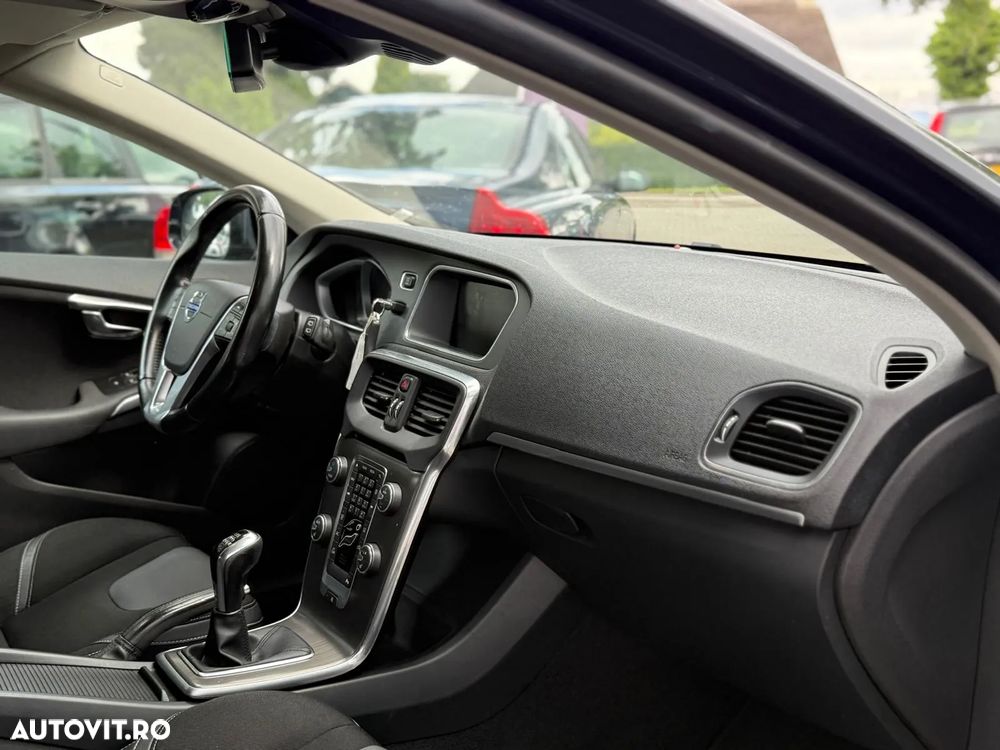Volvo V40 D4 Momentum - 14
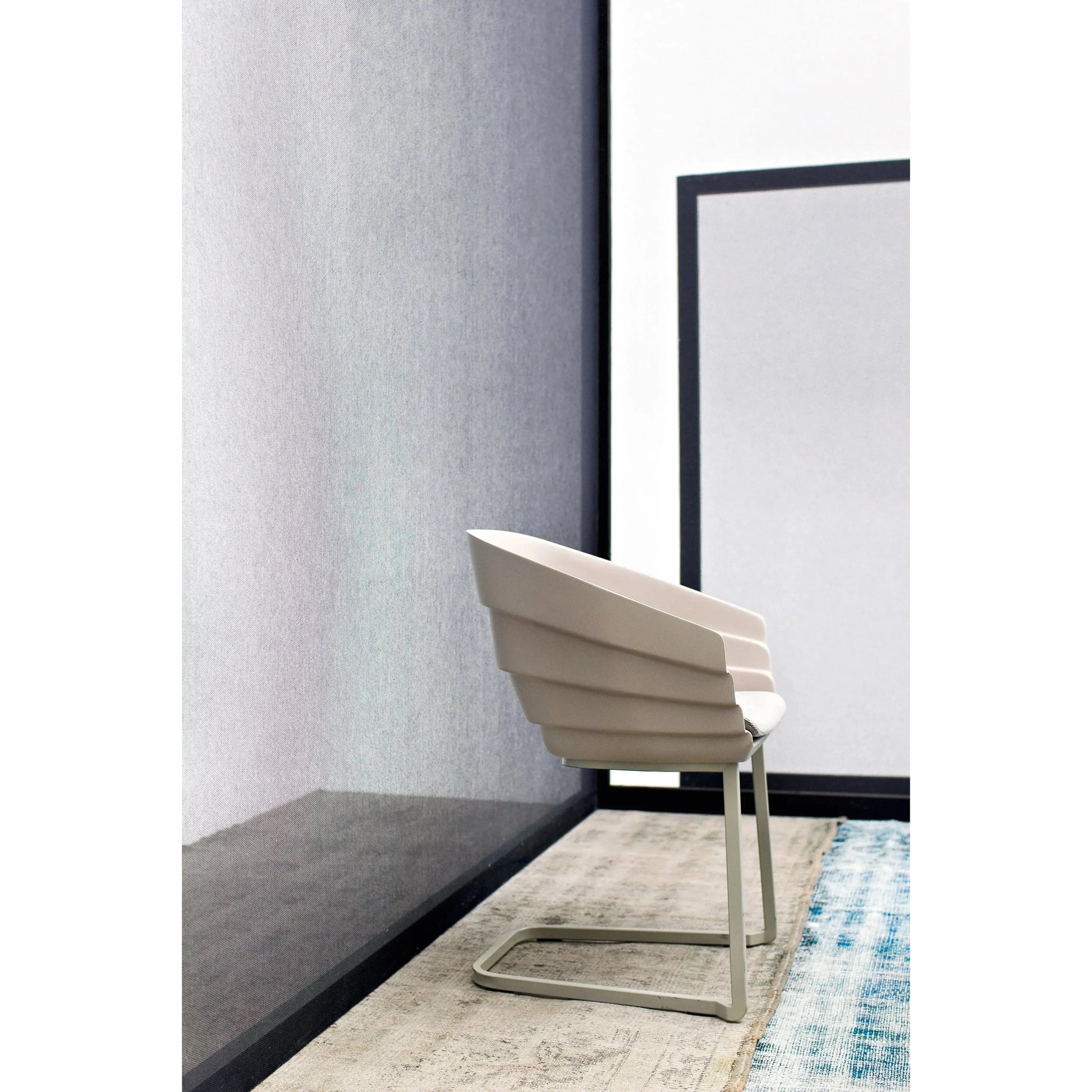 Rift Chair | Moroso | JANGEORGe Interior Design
* * *
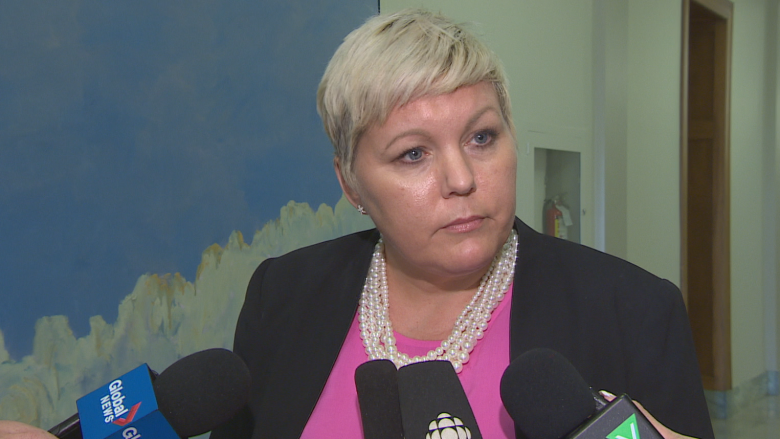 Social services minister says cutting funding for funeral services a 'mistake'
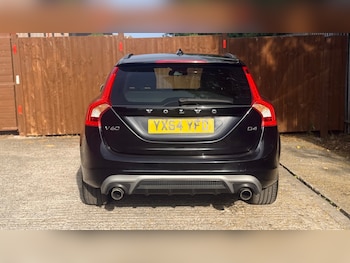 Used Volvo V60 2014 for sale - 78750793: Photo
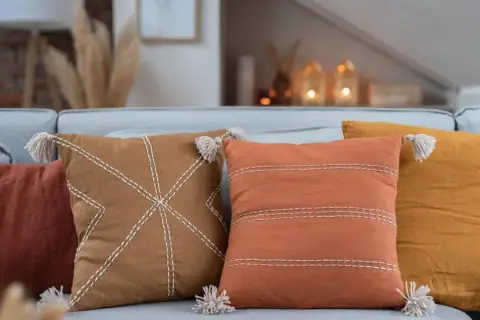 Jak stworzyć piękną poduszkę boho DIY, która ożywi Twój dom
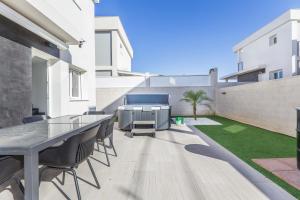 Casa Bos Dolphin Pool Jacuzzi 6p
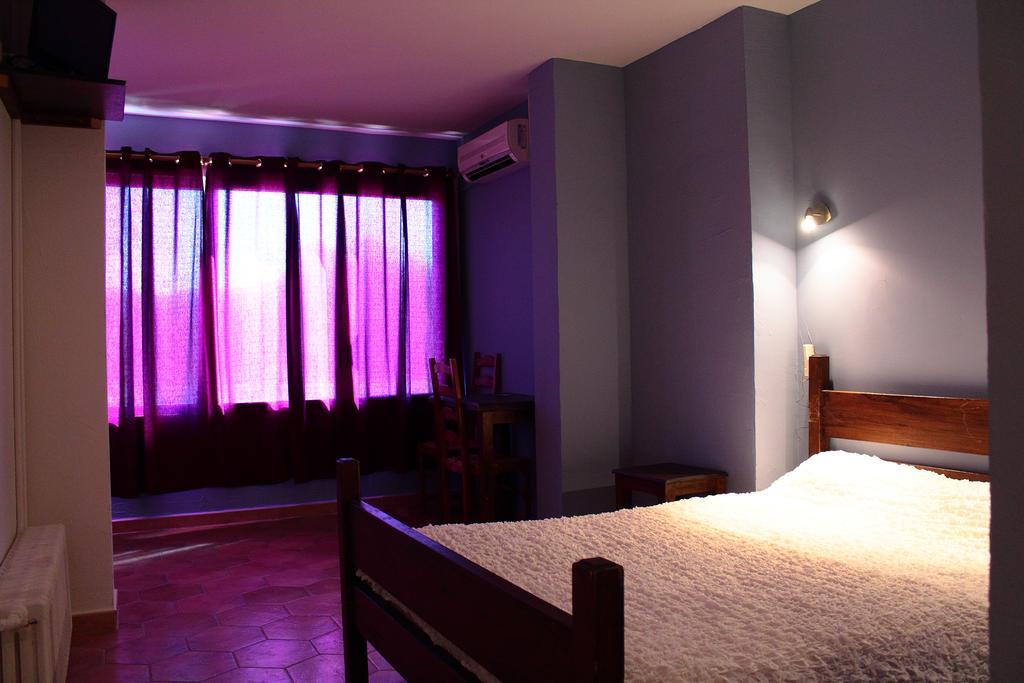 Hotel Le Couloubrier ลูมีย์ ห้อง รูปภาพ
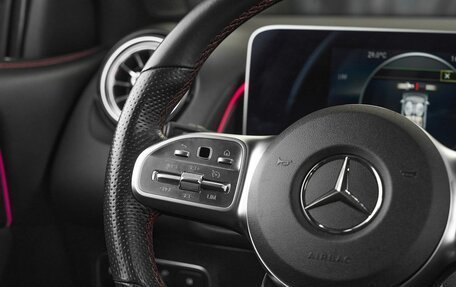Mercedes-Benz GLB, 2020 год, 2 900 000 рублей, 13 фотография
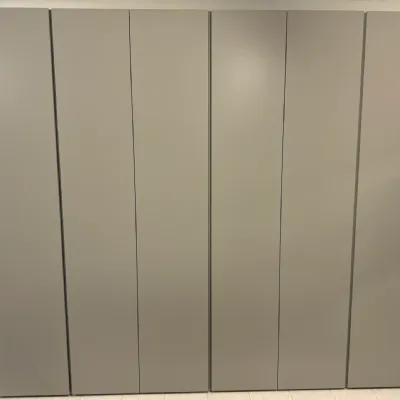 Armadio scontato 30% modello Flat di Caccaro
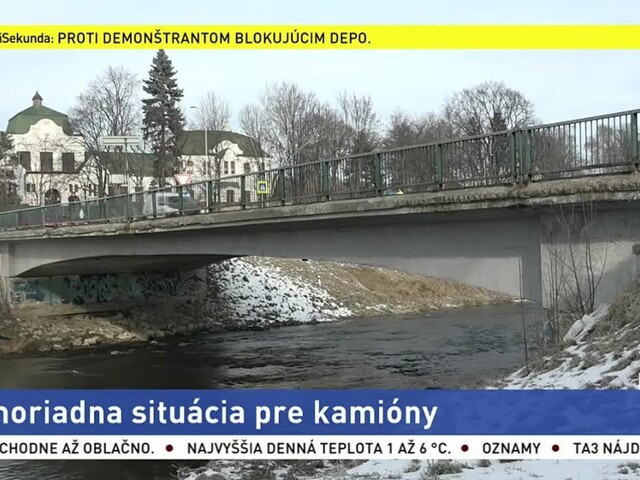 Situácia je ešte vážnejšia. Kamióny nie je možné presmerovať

Task instructions:
Only one stretch of the listing is wanted: the lines starting at the one with "Volvo V40 D4 Momentum - 14" and ending at the one with "Rift Chair |", copied exactly and free of pictures.

Response:
Volvo V40 D4 Momentum - 14
 Rift Chair | Moroso | JANGEORGe Interior Design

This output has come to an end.